Castel Volturno. Si chiamava Marco Ioime, aveva 44 anni, e la sua vita si è spezzata in una mattina qualunque lungo la Domiziana. Per chi lo conosceva, Marco non era solo un nome: era un lavoratore puntuale, un marito devoto e un padre affettuoso. Ogni giorno lasciava la sua casa di Castel Volturno per raggiungere la struttura sanitaria dove da anni si occupava di manutenzione. Non amava i riflettori, ma chi lo frequentava lo descrive come una persona riservata, concreta, con un profondo senso del dovere.
Marco era l’uomo su cui si poteva sempre contare. Colleghi e amici raccontano della sua serietà e della disponibilità a dare una mano, senza mai tirarsi indietro. Un sorriso discreto, poche parole ma sempre gentili, un carattere che trasmetteva affidabilità. La sua giornata scorreva tra il lavoro e la famiglia, che era il suo vero punto di riferimento. Amava trascorrere il tempo libero con la moglie e con la figlia, ancora piccola, a cui era legatissimo.
La notizia della sua morte ha lasciato incredulità e dolore. In tanti, tra vicini e conoscenti, faticano ad accettare che una persona tanto ordinata e rispettosa delle regole sia stata portata via in modo così ingiusto. La sua esistenza, semplice ma piena di dignità, si è interrotta mentre attraversava la strada per entrare al lavoro. Un destino crudele, che ha trasformato un gesto quotidiano in tragedia.

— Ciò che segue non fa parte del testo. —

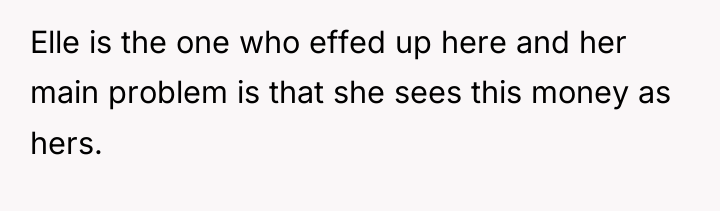 Elle is the one who effed up here and her...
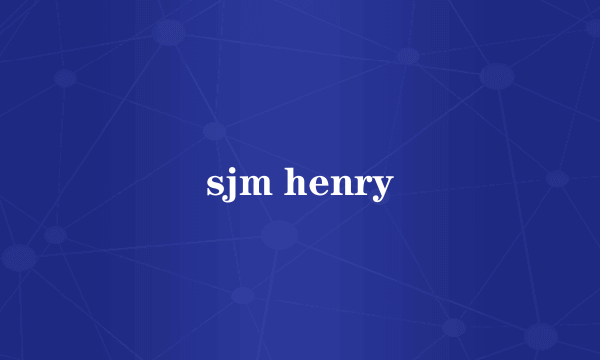 sjm henry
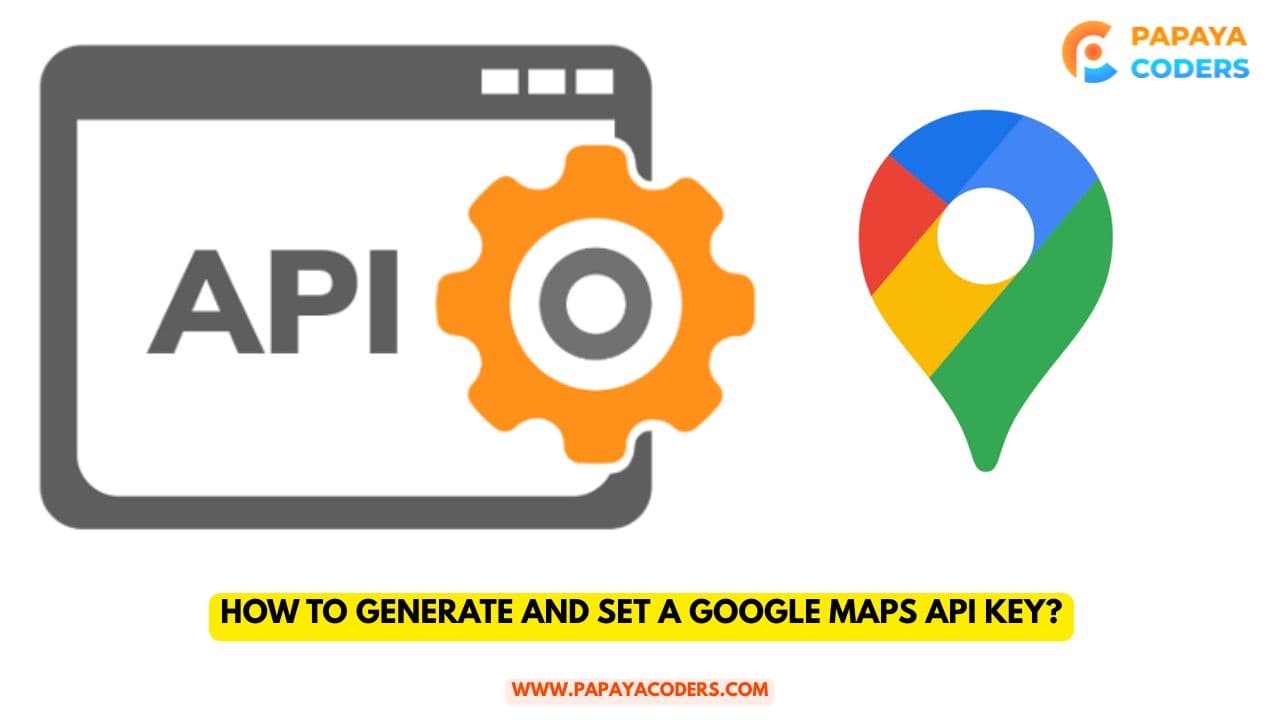 How to generate and set a Google Maps API key?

Marco lascia dietro di sé una comunità che lo ricorda come esempio di onestà e laboriosità. Il suo ricordo vivrà soprattutto attraverso la famiglia, che oggi porta il peso più grande. In un territorio segnato da troppe vite spezzate, la sua diventa simbolo di ciò che non dovrebbe mai accadere: un uomo buono che non torna a casa.